Work request: Leave the pictures out, and repeat exactly every line from the one with "2011 Hot Wheels" through the end of the data below.

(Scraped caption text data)
##############################

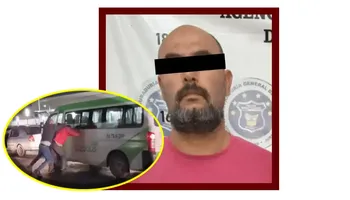 La Procuraduría de Justicia de Hidalgo detuvo al hombre que golpeó a un chofer del Tuzobús, durante una riña en Pachuca.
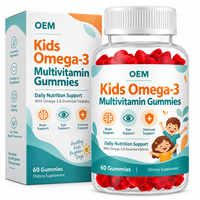 Premium Kinder Omega 3 Multivitamine Gummies Hartvormige Pectine Kauwtabletten voor Dagelijkse Voedingsondersteuning OEM Private Label Aanbod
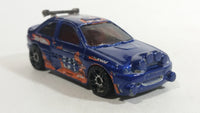 2011 Hot Wheels Wall Tracks Ford Escort Rally #71 Metallic Blue Die Cast Toy Car Vehicle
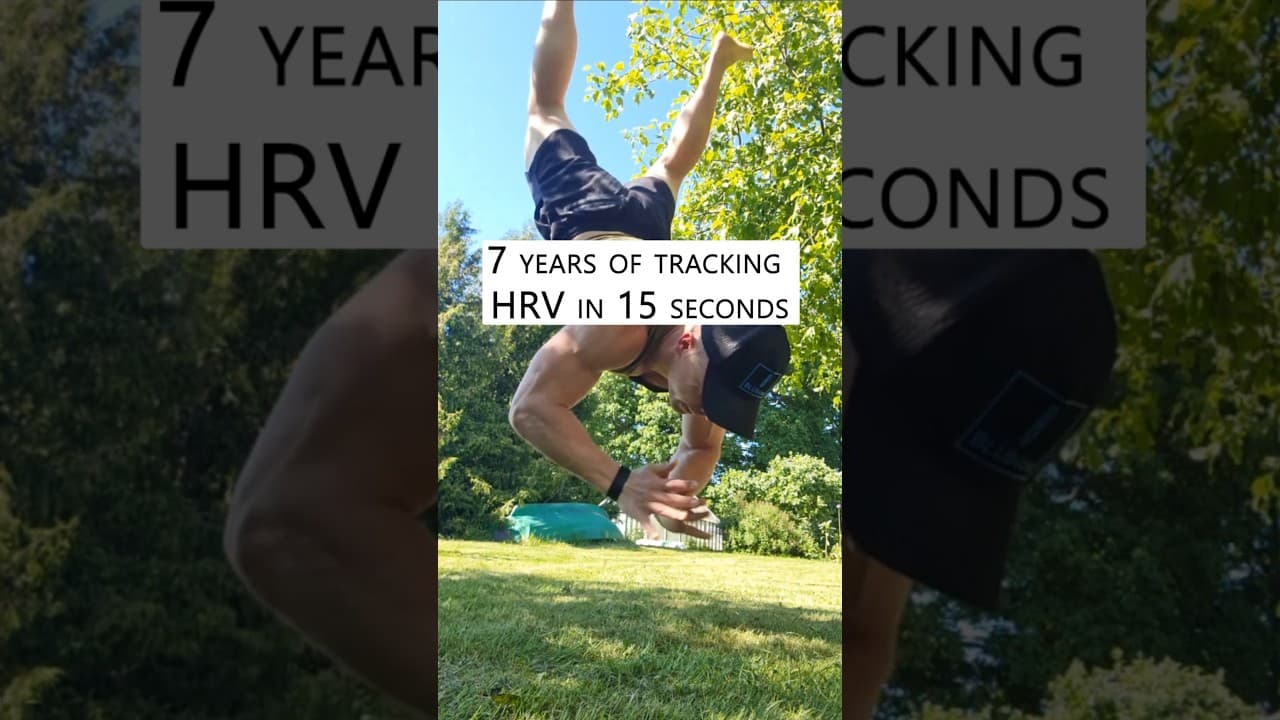 7 Years of HRV Tracking in 15 Seconds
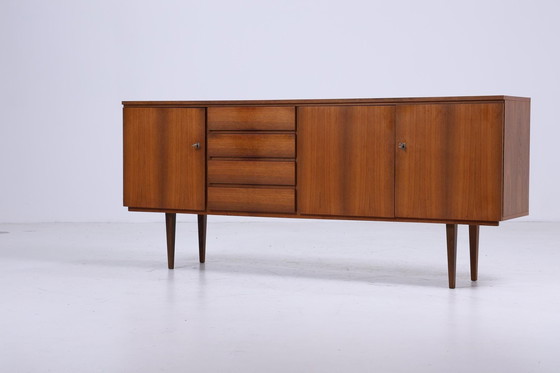 Image 1 of Vintage dressoir 60s | Mid Century laden dressoir hout opslag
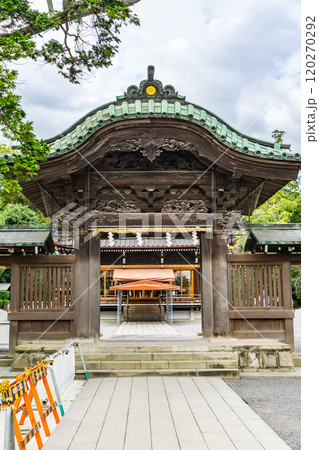三嶋大社（伊豆諸島の開拓神　伊豆国の一宮）　神門　静岡県三島市大宮町 120270292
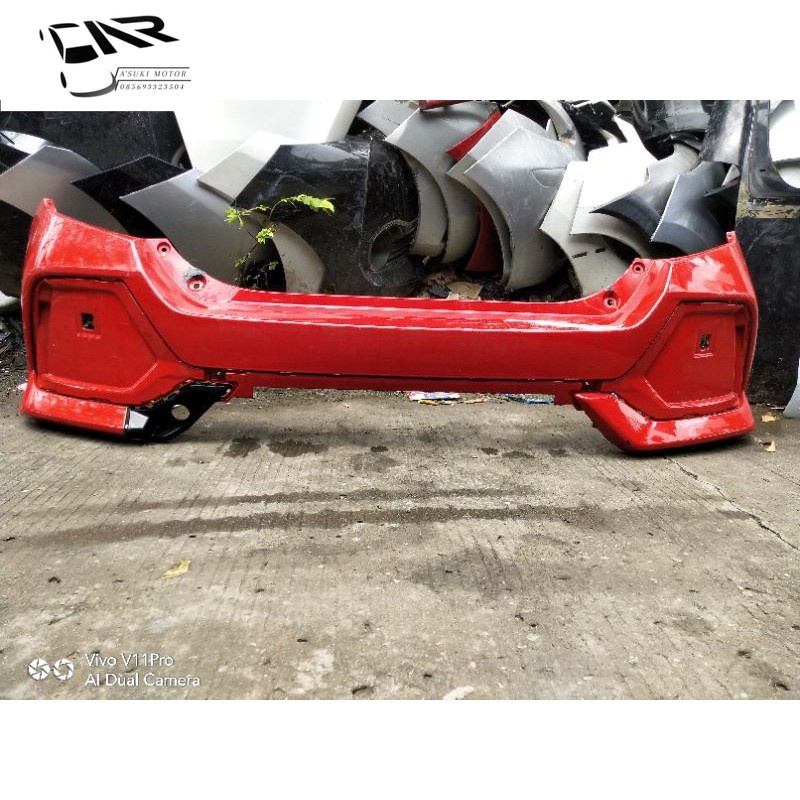 bemper belakang Civic turbo 2018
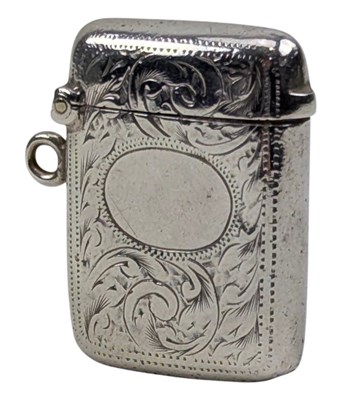 Lot 126 - HALLMARKED SILVER ROCOCO VESTA CASE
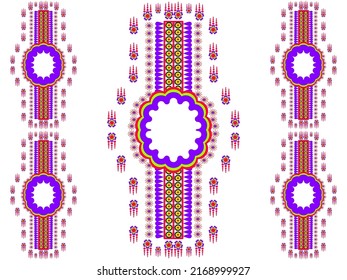 Fabric design  Tones of purple, green, lime, red.  Suitable for embroidery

##############################

Written solution:
 2011 Hot Wheels Wall Tracks Ford Escort Rally #71 Metallic Blue Die Cast Toy Car Vehicle
 7 Years of HRV Tracking in 15 Seconds
 Image 1 of Vintage dressoir 60s | Mid Century laden dressoir hout opslag
三嶋大社（伊豆諸島の開拓神　伊豆国の一宮）　神門　静岡県三島市大宮町 120270292
 bemper belakang Civic turbo 2018
 Lot 126 - HALLMARKED SILVER ROCOCO VESTA CASE
 Fabric design  Tones of purple, green, lime, red.  Suitable for embroidery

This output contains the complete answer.